Oil stocks have steadily built for nearly three years amid sharp production increases in the United States, Iraq, Iran, Brazil and other regions, sparking a slide in oil prices from above $100 in 2014 to $30 last year.

To reduce inventories to their five-year average, the Organization of the Petroleum Exporting Countries, Russia and other producers agreed to cut output by 1.8 million barrels per day (bpd) in the first half of 2017, a deal that helped lift prices to their current level of about $52.

With stockpiles still high, OPEC states have indicated those cuts could be extended to December.

"If OPEC cuts roll into the second half of the year we anticipate crude oil stocks would get back into the top end of the historical range," BP Chief Financial Officer Brian Gilvary said after the company reported a jump in profit.

"I wouldn't describe it as being majorly bullish, but it would certainly firm up and underpin prices from where they are today," he told Reuters. "If you look at total stocks right now, they are starting to decline."

Oil stockpiles in industrialized nations were 3.055 billion barrels at the end of February, about 330 million barrels above the five-year average but with the market showing more balance, the International Energy Agency said last month.

"If the OPEC cuts get rolled into the second half of the year that will underpin oil prices.
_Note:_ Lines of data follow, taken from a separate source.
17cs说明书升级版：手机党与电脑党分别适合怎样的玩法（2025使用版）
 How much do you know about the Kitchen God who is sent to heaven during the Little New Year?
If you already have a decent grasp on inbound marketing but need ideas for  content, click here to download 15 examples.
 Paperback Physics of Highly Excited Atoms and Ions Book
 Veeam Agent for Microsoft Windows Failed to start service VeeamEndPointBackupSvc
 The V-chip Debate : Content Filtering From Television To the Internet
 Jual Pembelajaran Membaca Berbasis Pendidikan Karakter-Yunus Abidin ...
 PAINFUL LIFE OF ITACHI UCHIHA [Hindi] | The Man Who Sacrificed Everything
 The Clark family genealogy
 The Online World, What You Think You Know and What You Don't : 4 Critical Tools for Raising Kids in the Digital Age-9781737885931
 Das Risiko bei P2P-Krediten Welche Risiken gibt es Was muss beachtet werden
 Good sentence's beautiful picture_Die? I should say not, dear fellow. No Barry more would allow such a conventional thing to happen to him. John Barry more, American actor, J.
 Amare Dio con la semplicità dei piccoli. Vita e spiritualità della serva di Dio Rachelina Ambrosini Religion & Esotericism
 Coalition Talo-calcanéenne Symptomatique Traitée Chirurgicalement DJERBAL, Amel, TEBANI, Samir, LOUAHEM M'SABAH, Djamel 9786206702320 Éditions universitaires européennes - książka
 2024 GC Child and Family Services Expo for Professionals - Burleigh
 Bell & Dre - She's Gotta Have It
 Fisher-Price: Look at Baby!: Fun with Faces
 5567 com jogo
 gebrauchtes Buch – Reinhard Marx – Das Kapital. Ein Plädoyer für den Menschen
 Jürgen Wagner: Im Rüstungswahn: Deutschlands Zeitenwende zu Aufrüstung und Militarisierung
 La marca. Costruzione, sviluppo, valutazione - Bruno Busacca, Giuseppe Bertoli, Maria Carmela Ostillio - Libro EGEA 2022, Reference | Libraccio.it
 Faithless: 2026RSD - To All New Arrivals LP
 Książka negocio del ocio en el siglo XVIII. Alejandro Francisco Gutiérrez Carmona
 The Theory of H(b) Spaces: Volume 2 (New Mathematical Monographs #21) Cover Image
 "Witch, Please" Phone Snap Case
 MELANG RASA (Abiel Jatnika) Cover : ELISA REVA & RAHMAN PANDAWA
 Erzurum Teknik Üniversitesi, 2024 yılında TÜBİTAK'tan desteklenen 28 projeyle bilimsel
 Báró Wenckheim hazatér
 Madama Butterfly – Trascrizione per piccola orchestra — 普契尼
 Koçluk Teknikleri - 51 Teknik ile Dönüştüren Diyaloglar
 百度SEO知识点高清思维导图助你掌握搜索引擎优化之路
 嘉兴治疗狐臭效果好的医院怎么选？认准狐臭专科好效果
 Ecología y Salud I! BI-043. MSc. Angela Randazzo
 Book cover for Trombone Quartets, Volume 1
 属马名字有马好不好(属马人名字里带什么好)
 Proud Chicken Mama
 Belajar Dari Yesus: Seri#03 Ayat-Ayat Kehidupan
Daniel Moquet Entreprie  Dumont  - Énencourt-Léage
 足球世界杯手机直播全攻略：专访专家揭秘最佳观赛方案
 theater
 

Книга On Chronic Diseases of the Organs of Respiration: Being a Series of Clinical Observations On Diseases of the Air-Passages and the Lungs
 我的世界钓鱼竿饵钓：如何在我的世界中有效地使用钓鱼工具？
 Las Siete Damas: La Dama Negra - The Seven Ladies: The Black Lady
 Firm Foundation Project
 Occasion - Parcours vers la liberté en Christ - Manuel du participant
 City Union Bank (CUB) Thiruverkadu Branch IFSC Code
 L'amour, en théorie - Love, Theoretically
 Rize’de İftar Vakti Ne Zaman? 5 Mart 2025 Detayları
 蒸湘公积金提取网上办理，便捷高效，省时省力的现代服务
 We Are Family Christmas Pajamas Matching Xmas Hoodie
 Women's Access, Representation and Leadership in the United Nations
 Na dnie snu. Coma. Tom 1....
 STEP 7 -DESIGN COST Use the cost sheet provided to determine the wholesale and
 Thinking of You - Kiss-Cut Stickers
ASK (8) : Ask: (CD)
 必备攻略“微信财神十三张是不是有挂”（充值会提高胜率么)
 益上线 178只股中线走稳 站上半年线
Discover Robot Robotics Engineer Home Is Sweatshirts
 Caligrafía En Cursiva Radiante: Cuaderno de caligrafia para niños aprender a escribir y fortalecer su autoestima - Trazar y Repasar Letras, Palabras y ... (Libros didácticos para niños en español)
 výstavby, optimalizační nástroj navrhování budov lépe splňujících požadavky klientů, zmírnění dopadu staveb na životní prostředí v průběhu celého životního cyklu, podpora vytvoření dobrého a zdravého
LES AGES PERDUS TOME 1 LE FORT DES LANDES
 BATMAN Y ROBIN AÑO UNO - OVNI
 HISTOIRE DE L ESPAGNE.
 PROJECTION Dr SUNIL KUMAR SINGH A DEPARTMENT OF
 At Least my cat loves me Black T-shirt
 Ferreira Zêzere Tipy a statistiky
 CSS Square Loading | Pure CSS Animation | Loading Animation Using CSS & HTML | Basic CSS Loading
If they don't get rolled into the second half of the year we will continue to see more volatility," Gilvary said.

OPEC and non-OPEC states meet on May 25 to discuss whether to extend cuts for another six months after June.

"From BP's perspective we're managing things around $50-55 a barrel, that's probably the range we would expect for the rest of the year," he said, adding that prices could climb to the upper end of the range around $55 if the cuts were extended.

Global oil demand is expected to grow by 1.3 million barrels per day this year, he added.